Из штаба 41-го корпуса я донес о случившейся беде в штаб фронта и в Москву. В тот же день к нам прибыл член Военного совета фронта генерал-лейтенант В. Е. Макаров, а на другой день приехали представители следственных властей. Потом тело генерала армии И. Д. Черняховского увезли.

О гибели командующего фронтом были немедленно извещены войска. Мы призывали беспощадно мстить врагу за нашу невосполнимую утрату.

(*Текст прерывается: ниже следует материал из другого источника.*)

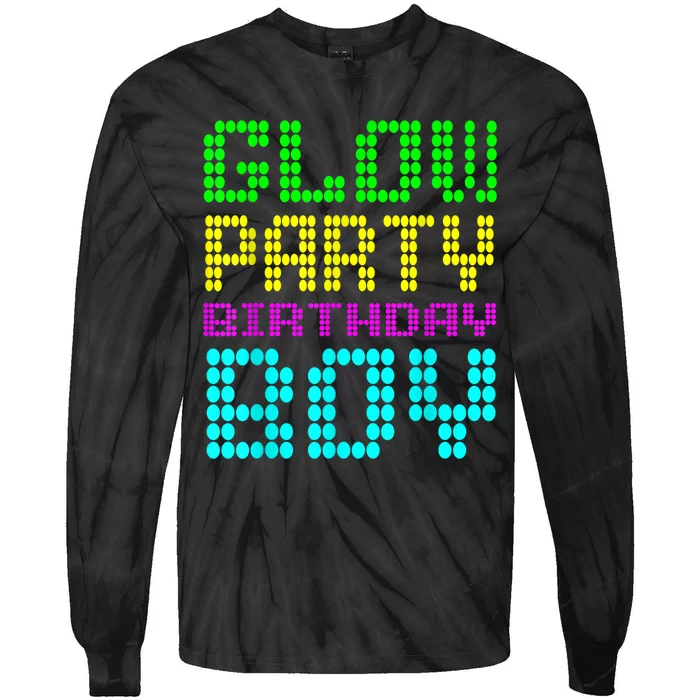 Glow Party Birthday Boy Party Retro Tie-Dye Long Sleeve Shirt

Это была действительно тяжкая утрата для Красной Армии — Черняховский был молод, талантлив и мог еще много дать нашим Вооруженным Силам[26].

23 июня 1941 года полковник И. Д. Черняховский на литовской земле, близ Шяуляя, командуя 28-й танковой дивизией, вступил в свой первый бой с танками и пехотой немецко-фашистских войск. Танкисты сражались героически, отражая удары противника, превосходившего по силе в три-четыре раза, и переходя в контратаки, уничтожали пехоту, жгли танки с крестами на бортах.

Во всесокрушающем наступательном порыве войска 3-го Белорусского фронта, ведомые генералом армии И. Д. Черняховским, летом 1944 года освобождали города и села Литвы.

…Приспущены боевые знамена полков и дивизий, которые вел в бой генерал армии, коммунист с 1928 года, И. Д. Черняховский. На алых шелковых подушечках боевые награды полководца: две Золотые Звезды Героя Советского Союза, орден Ленина, четыре ордена Красного Знамени, два ордена Суворова 1-й степени, орден Кутузова 1-й степени, орден Богдана Хмельницкого 1-й степени, многочисленные боевые медали.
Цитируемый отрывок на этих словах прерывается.